→ Aim of the exercise
Set down the whole listing below exactly, without pictures.

→ The data

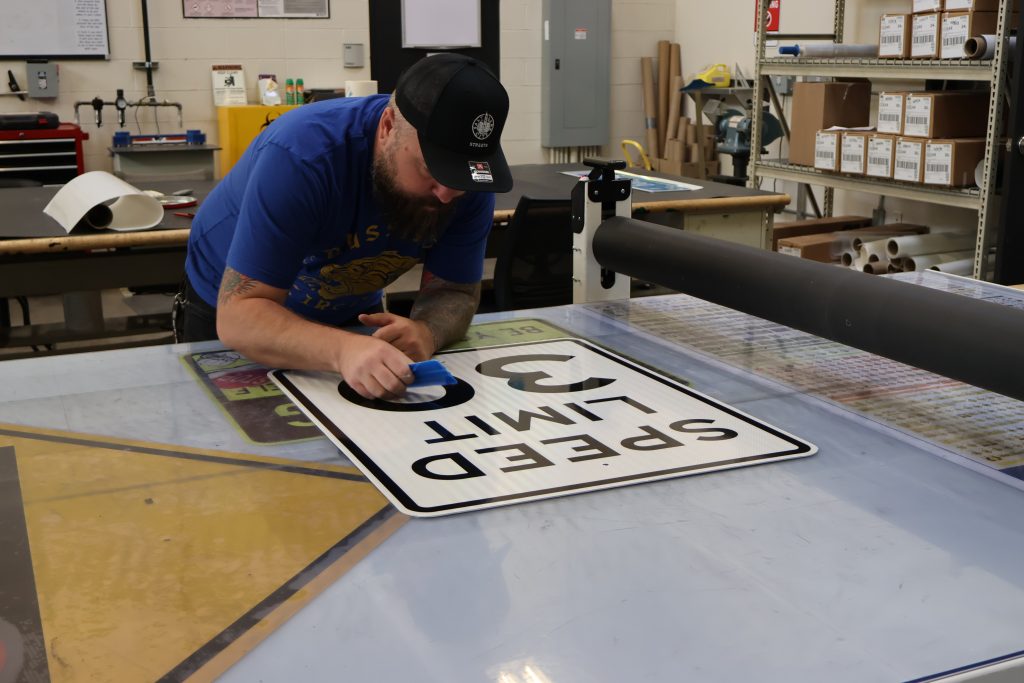 A Streets employee working air bubbles out of the vinyl on a speed limit sign.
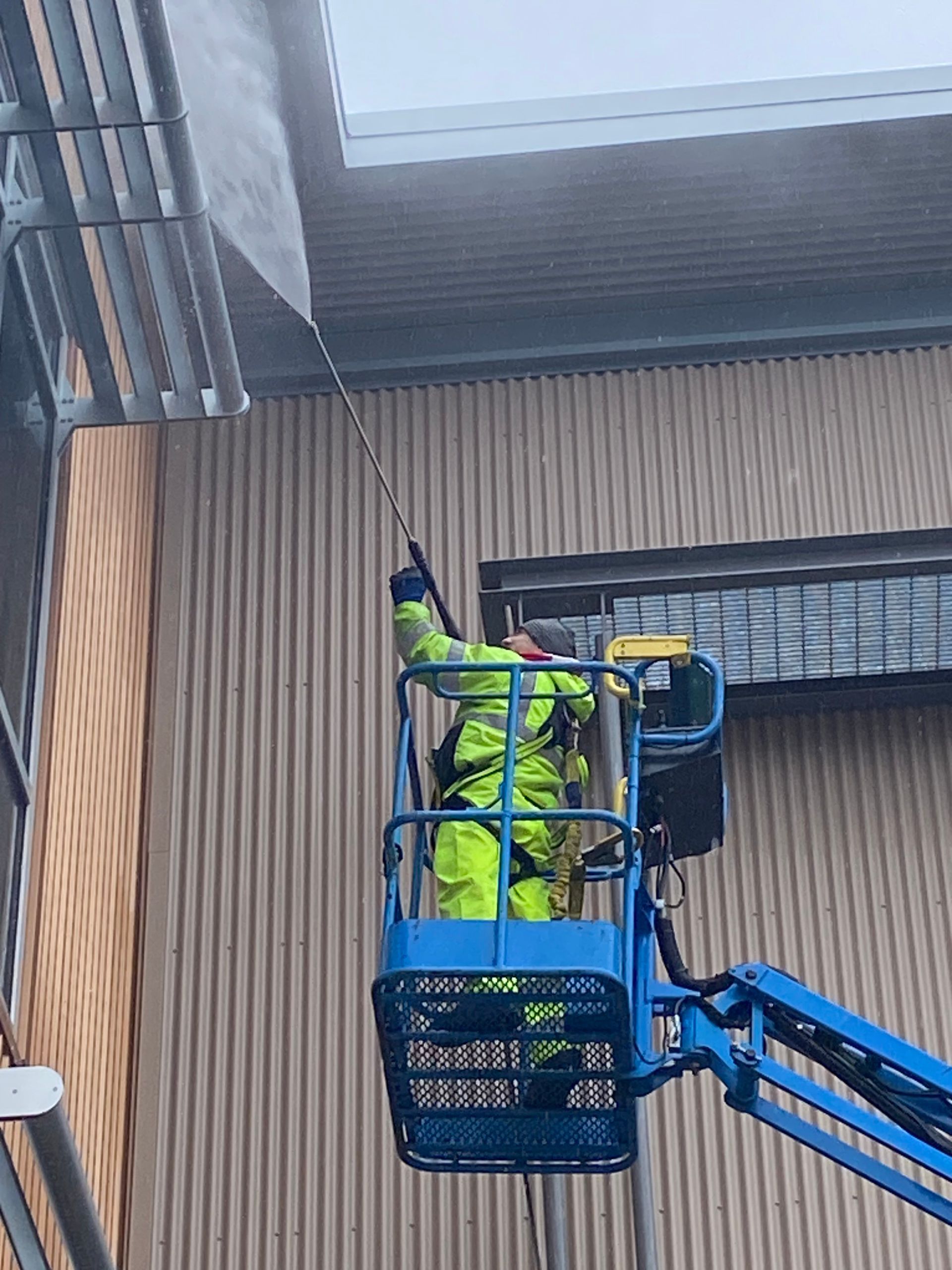 Worker in neon safety gear in a blue lift, reaching up near a building wall and roofline.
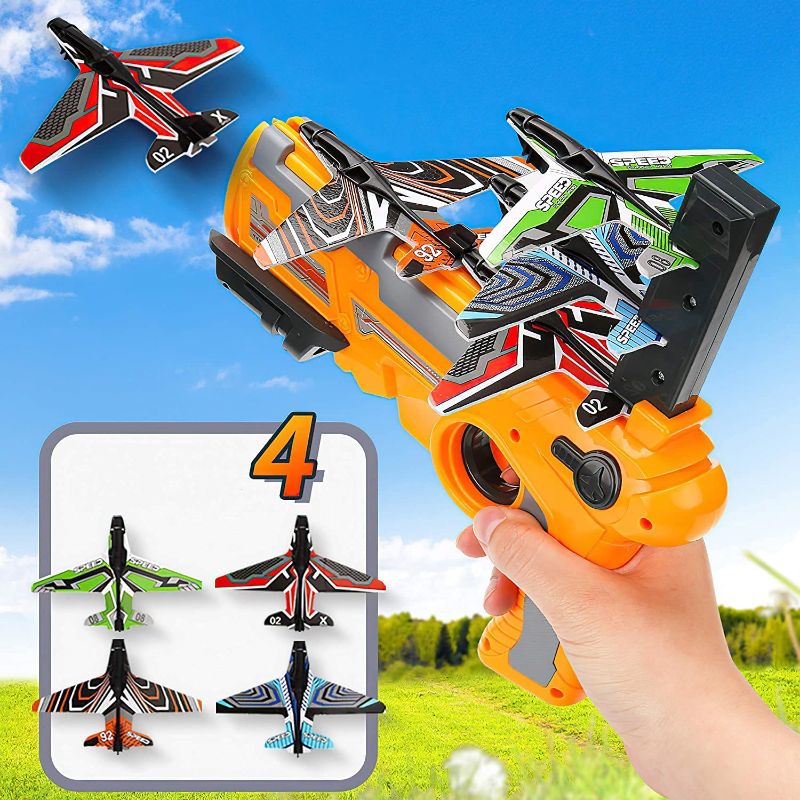 Photo 1 of Catapult airplane toy airplane, equipped with 4 airplanes, pistol shooting game toys, air combat glider airplane launcher, fun outdoor sports toys, the best choice for birthday parties (yellow suit)
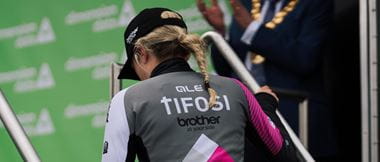 The back of cyclist Leah Dixon while she's climbing steps up to a podium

→ Answer to this exercise
 A Streets employee working air bubbles out of the vinyl on a speed limit sign.
 Worker in neon safety gear in a blue lift, reaching up near a building wall and roofline.
 Photo 1 of Catapult airplane toy airplane, equipped with 4 airplanes, pistol shooting game toys, air combat glider airplane launcher, fun outdoor sports toys, the best choice for birthday parties (yellow suit)
 The back of cyclist Leah Dixon while she's climbing steps up to a podium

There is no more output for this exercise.